• [PROMPT]
Your output should reproduce each entry exactly, with none of its pictures.

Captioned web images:
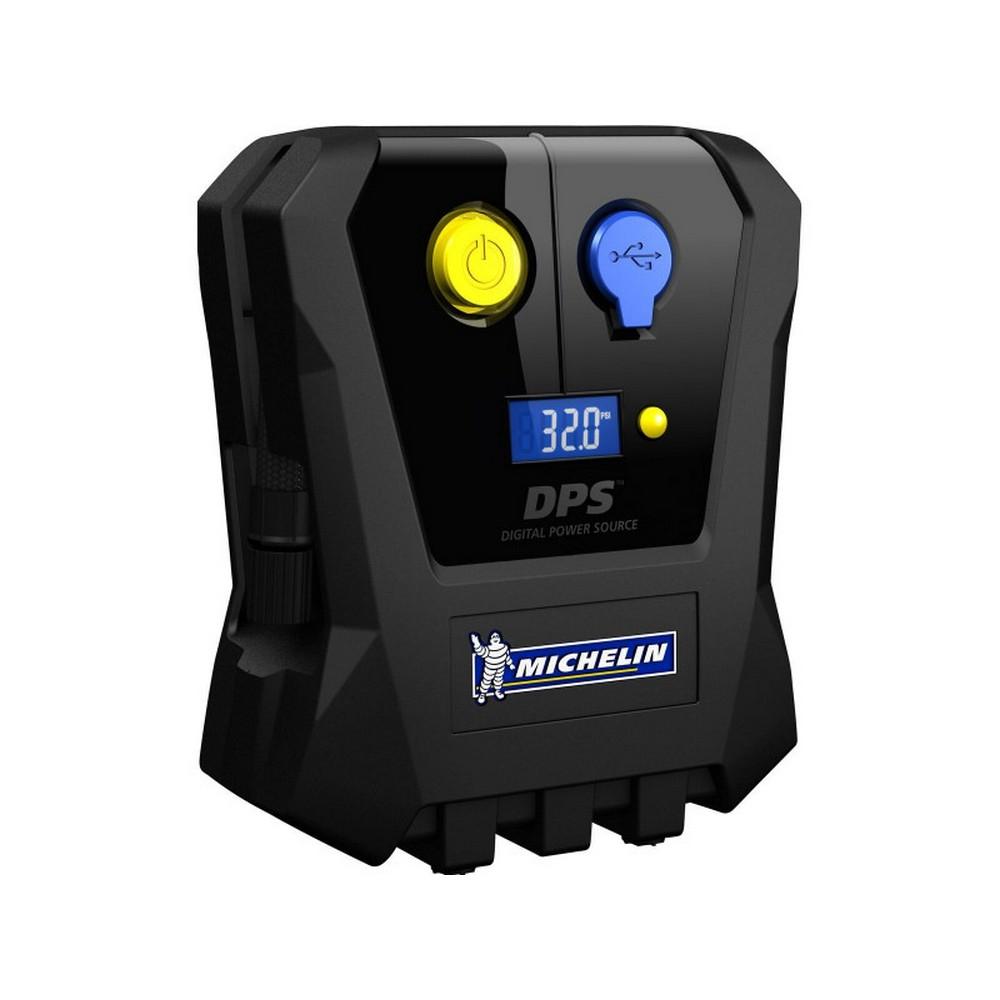 Compresor digital pentru anvelope - MICHELIN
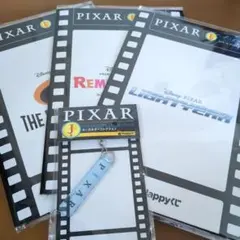 PIXAR 一番くじ　まとめ売り
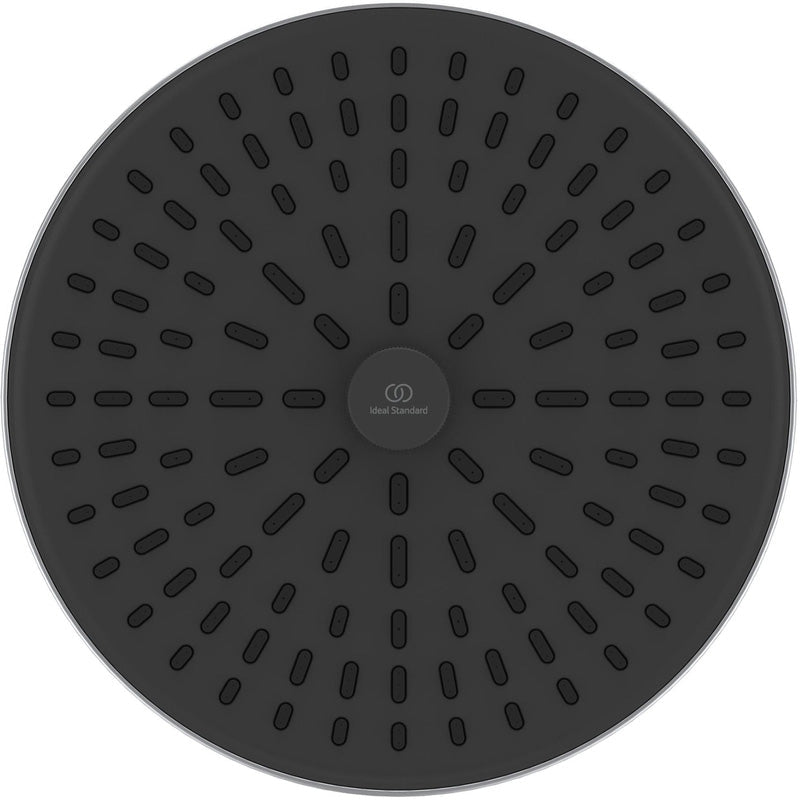 Ideal Standard ALU+ Ideal Rain Shower Head 260mm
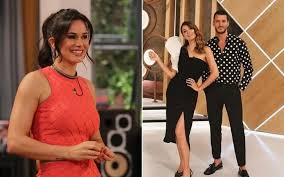 Check spelling or type a new query. Claudia Vieira Sobre A Dupla Ruben Rua E Maria Cerqueira Gomes Nao Funcionam Tao Bem Vip Pt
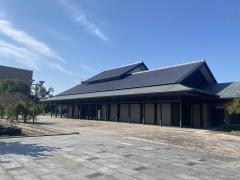 名古屋能楽堂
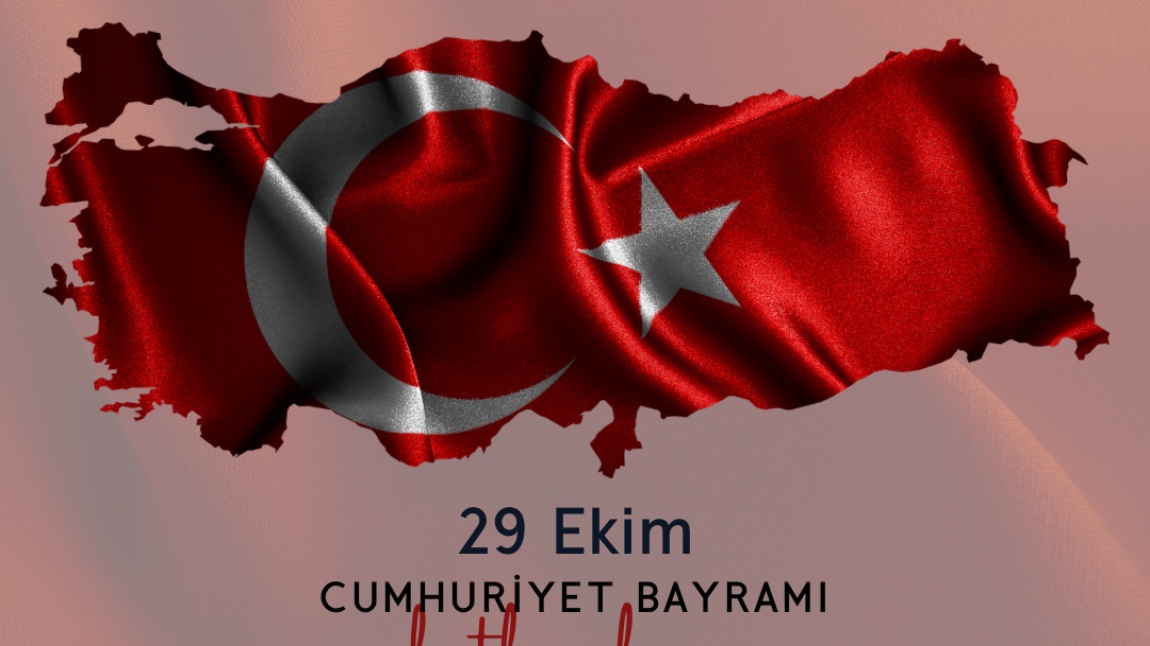 29 EKİM COŞKUSU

• [REPLY TO THE EXERCISE]
 Compresor digital pentru anvelope - MICHELIN
 PIXAR 一番くじ　まとめ売り
 Ideal Standard ALU+ Ideal Rain Shower Head 260mm
 Check spelling or type a new query. Claudia Vieira Sobre A Dupla Ruben Rua E Maria Cerqueira Gomes Nao Funcionam Tao Bem Vip Pt
 名古屋能楽堂
 29 EKİM COŞKUSU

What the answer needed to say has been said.